つづきの図書館

つづきの図書館
 本の登場人物が、自分を読んでくれた人の「つづき」が知りたくて現実世界に飛び出してきて、しかも彼らがけっこう自由奔放に動き回って主人公を振りまわす様子が、にぎやかに、楽しそうに描かれています。
 でもそれだけじゃなく、人の「つづき」の人生のほろにがさと、その中で人とつながりあうことの温かさが描かれていて、切ないような、爽やかなような不思議な読後感でした。
 主人公が離婚歴にある中年女性で、挿絵を山本容子さんが描いているので、対象年齢が不明ですが、私にはとても面白かった。

黒い本 ついてくる怪談

ついてくる怪談 黒い本 (ポプラポケット文庫 児童文学・上級?)
 (「文学少女」→竹岡美穂)+(「晴れた日は図書館へいこう」→緑川聖司)=「黒い本」という流れです。
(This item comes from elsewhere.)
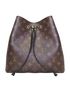 NoeNoe Bag, £1,200, Handbags, Brown/Tan, Leather, Front view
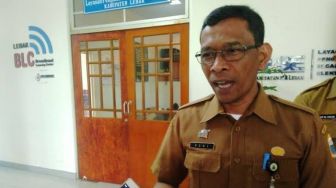 Dampak Corona Meluas, PAD Lebak Merosot Rp87 Miliar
シリーズに登場する怪談は、どれもオーソドックスなんだけど、「本」を軸に上手くつなげていると思います。作者は本当に本が好きなんだなあ。

赤い本 終わらない怪談

終わらない怪談 赤い本  (ポプラポケット文庫 児童文学・上級?)
 「黒い本」とセットのはずなのに、利用している3つの図書館すべてで、「赤い本」だけに大量の予約が付いていて、読む時期が大幅にずれてしまいました。最近出たはずの「白い本」の方が先に用意されたのは、なぜなんだろう。

白い本 待っている怪談

待っている怪談 白い本 (ポプラポケット文庫 児童文学・上級?)
 怪談シリーズ(?)の最新作で、これが一番好き。「白」「雪」をモチーフに切ない初恋のお話になっていて、女子好みだと思います。竹岡美穂さんの絵はあいかわらずお話によく合わせていますね。

ピーターラビット全おはなし集 愛蔵版 改訂版

愛蔵版 ピーターラビット全おはなし集(改訂版) (ピーターラビットの絵本)
 ピーターのお父さんが、肉のぱいにされてしまったくだりは有名だと思いますが、改めて全話を読むと、実に「食うか食われるか」の世界であることに気づかされます。ほのぼのとした美しい田園風景を舞台に繰り広げられる弱肉強食の世界(笑)。
「ひげのサムエルのおはなし」は、子猫のトムがねずみのサムエルに「ねこまきだんご」にされて食べられそうになる話で、窮鼠猫を噛むってレベルじゃねえ…! と震撼しました。ピーターの妹フロプシーの子ども達も、干し草の中で眠っているところをマクレガーさんにつれていかれたり(「フロプシーのこどもたち」)、アナグマにさらわれたり(「きつねどんのおはなし」)して油断も隙もないです。
それでも全く陰惨な感じじゃないのは、それが生命にとって「当たり前」であるという著者の冷静な観察眼と、可愛らしい美しい絵によるところが大きい。私は特に「2ひきのわるいねずみのはなし」で、ハンカ・マンカに抱かれたゆりかごの赤ちゃんの図がとても好きです。これはお話自体も大好き。ねずみたちに人形の家を荒された女中は「ねずみとりをかけますよ!」というのですが、その台詞の横には、ねずみ取りを前に、幼い子供たちにねずみとりの仕組みを教えているトム・サムの図が描かれていて、微笑ましいというかなんというか。

日本SF精神史 幕末・明治から戦後まで

日本SF精神史----幕末・明治から戦後まで (河出ブックス)
日本SFはタブーを設けずに、あらゆるものに懐疑のまなざしを向け、宗教にも思想にも歴史にも絶対的に身を委ねない徹底した批評精神を、ニヒリズムに陥ることなく抱き続けるという不断の努力を通じて、独自の発展を推し進めつつあった。